The sources added that while IDF Chief of Staff Dan Halutz approved the plan, other IDF officers opposed it, and Olmert was informed of their objections.
The operation was aimed at halting Qassam rockets from being fired at southern Israel. Meanwhile, six of the homemade rockets struck the western Negev and Sderot on Thursday evening. There were no casualties.
Defense officials were furious at Peretz Thursday night, accusing him both of revealing that the planned military offensive in northern Gaza had been postponed and of denying initial reports that the postponement had been at Egypt's request.
Egypt had asked Israel to delay the operation at the beginning of the week, in order to allow time for diplomatic efforts to obtain the release of kidnapped soldier Gilad Shalit.
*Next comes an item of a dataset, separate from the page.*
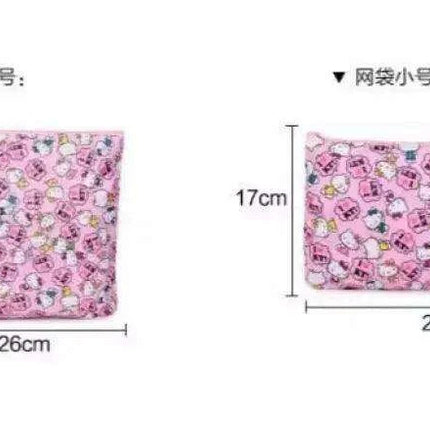 Kawaii Sanrio Character Waterproof Travel Organizer Bag - Très Elite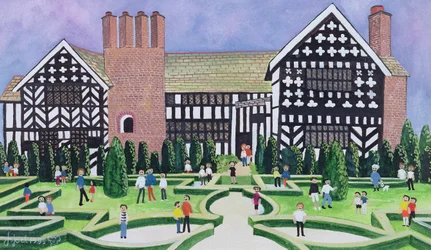 Little Moreton Hall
However, though negotiations with Hamas officials both in the territories and outside them are continuing, the talks have yet to yield a breakthrough.
Mubarak: Hamas agreed to terms for soldier's releasePalestinian militants have agreed to a conditional release of Shalit, but Israel has not yet accepted their terms, Egyptian President Hosni Mubarak said in remarks published Friday.
In an interview with Egypt's leading pro-government newspaper, Al-Ahram, Mubarak said "Egyptian contacts with several Hamas leaders resulted in preliminary, positive results in the shape of a conditional agreement to hand over the soldier as soon as possible to avoid an escalation.
"But agreement on this has not yet been reached with the Israeli side," Mubarak said.
The president said he had asked Olmert "not to hurry" the military offensive in Gaza, but to "give additional time to find a peaceful solution to the problem of the kidnapped soldier."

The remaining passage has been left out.